Based on the percentages associated with these three fields, we have determined that deleting the columns is not neccessary. Our finidings suggest that we should perform the following actions:

* Convert the null Waterfront values to zero using the median
* Convert the null View values to zero using the median
* Convert the null Year Renovated values to zero


In [None]:
# Validate median totals before update:

print ('Watefront Median = ',round(df.waterfront.median(),2))
print ('View Median = ',round(df.view.median(),2))

In [None]:
# Convert null Waterfront and View values to zero using the median:

df['waterfront'] = df.view.fillna(value=df.waterfront.median())
df['view'] = df.view.fillna(value=df.view.median())

# Convert null Year Renovated values to zero:

df['yr_renovated'] = df.yr_renovated.fillna(value=0)

Now we are going to confirm that the updates were successful:

In [None]:
df.isna().any()

Now we will check for duplicates within the dataset; please note that the only column that may contain invalid duplicate values is id:

In [None]:
# Return boolean Series denoting duplicate rows, optionally only
# considering certain columns

df[df.duplicated(['id'], keep=False)]


After inspecting the results, we determined that the duplicate ids were valid since a home can have multiple sale dates associated with it.

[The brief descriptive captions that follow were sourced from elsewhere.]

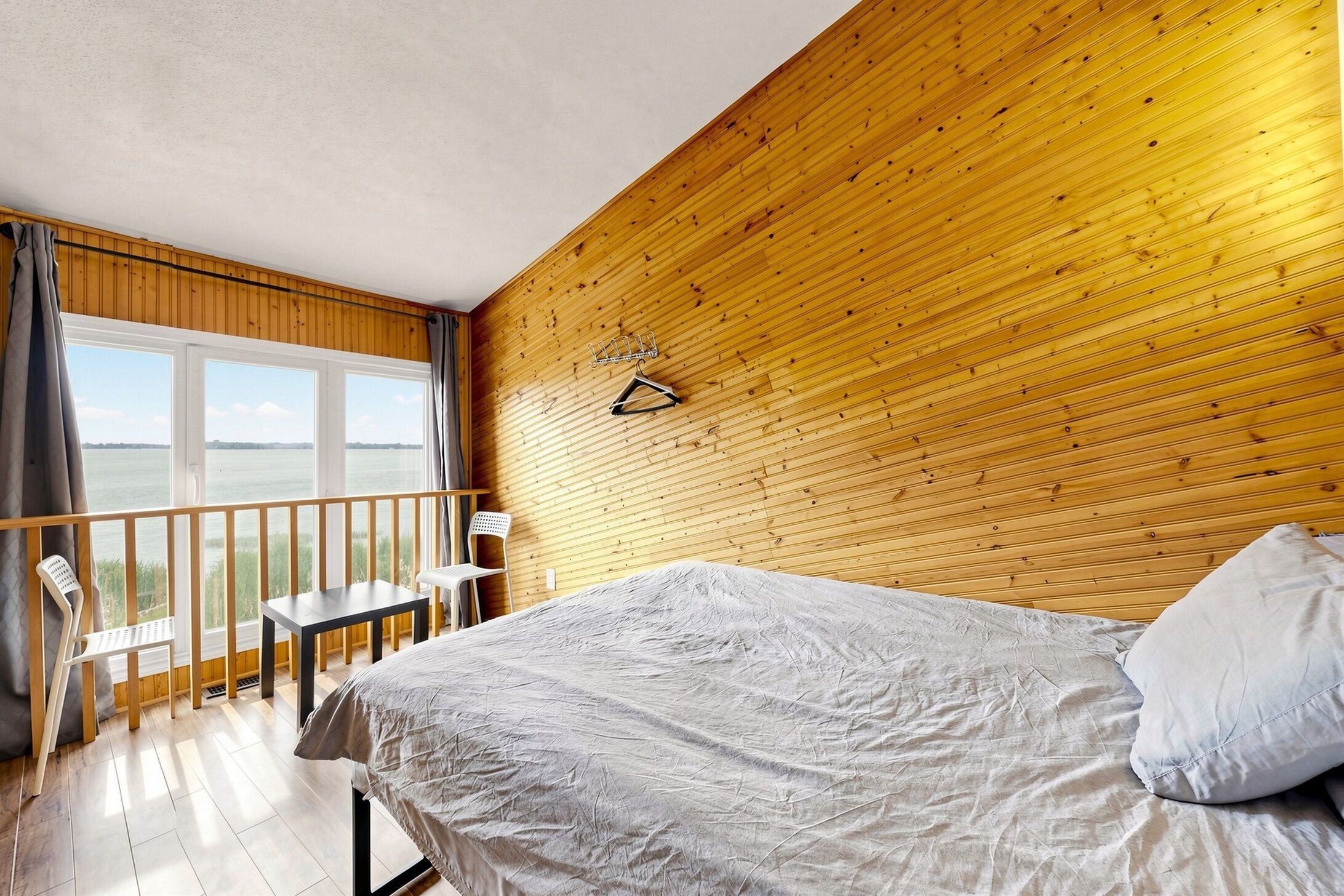 A bedroom with a bed, a small table, a chair, a balcony with a railing, and a view of the outdoors.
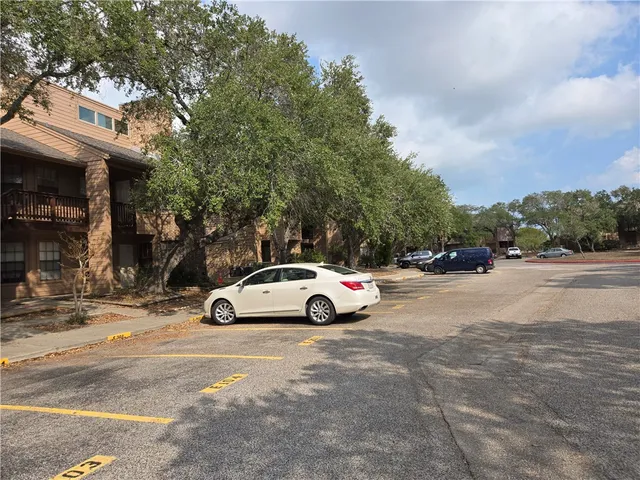 a view of street with parked cars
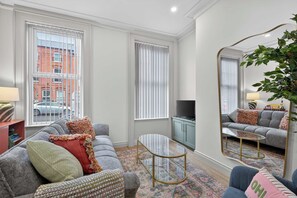 A modern living room with a grey sofa, a coffee table, and a television on a cabinet.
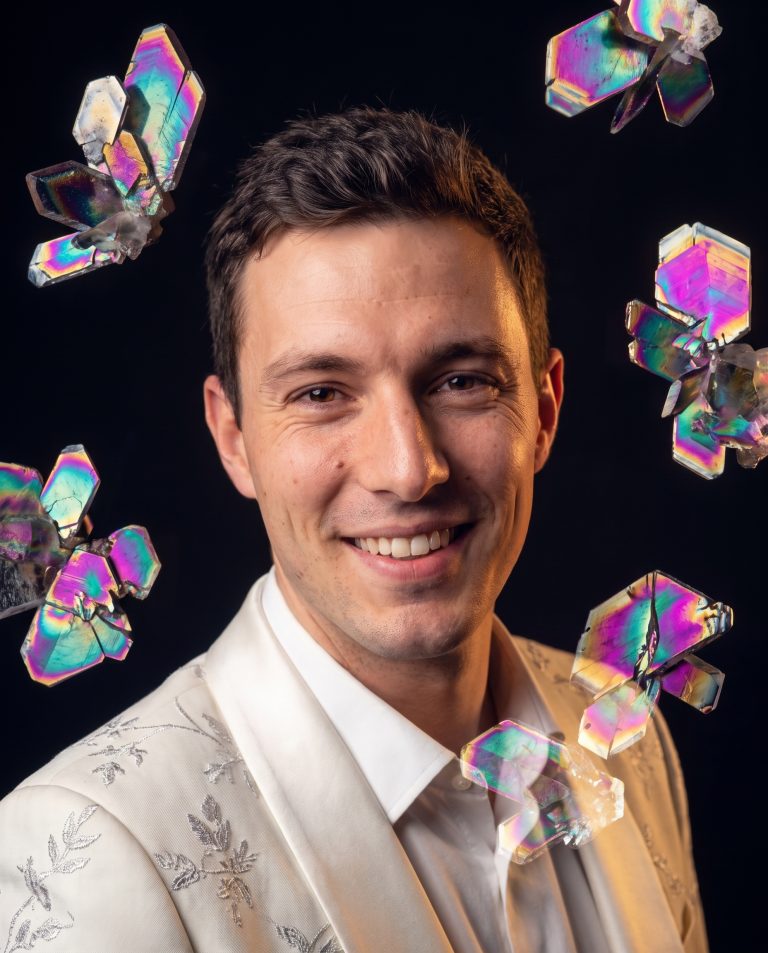 A guest is framed within a bloom of polarized-light crystal structures.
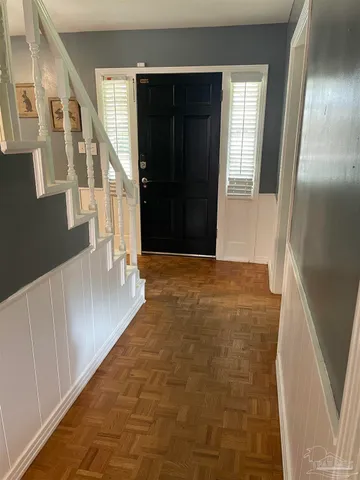 a spacious bedroom with a bed and a window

Now we will check for extraneous values:

In [None]:
# Checking for extraneous values:

for col in df.columns:
    print(col, '\n', df[col].value_counts(normalize=True).head(), '\n\n')

We noticed that the sqft_basement variable contains an invalid character of "?", so we calculated the occurances and the percentage they represent within the dataset:

In [None]:
# Access a group of rows and columns by label(s) or a boolean array:
# Determine what percentage of rows in the View column contain missing values:

print ('Number of rows where sqft_basement equals "?" = ',len(df.loc[df['sqft_basement'] == '?']))
print ('Percentage of rows where sqft_basement equals "?" = ',round((len(df.loc[df['sqft_basement'] == '?'])/len(df)),2)*100,'%')


We also noticed that apporximately 95.8% of the yr_renovated rows are zero, so the decision was made to impute the 
following:

* Zero values for the invalid sqft_basement values
* Change the values in the yr_renovated variable to represent the Boolean types of 0 or 1

In [None]:
# Replace values given in `to_replace` with `value`:

df['sqft_basement'].replace('?',0, inplace = True)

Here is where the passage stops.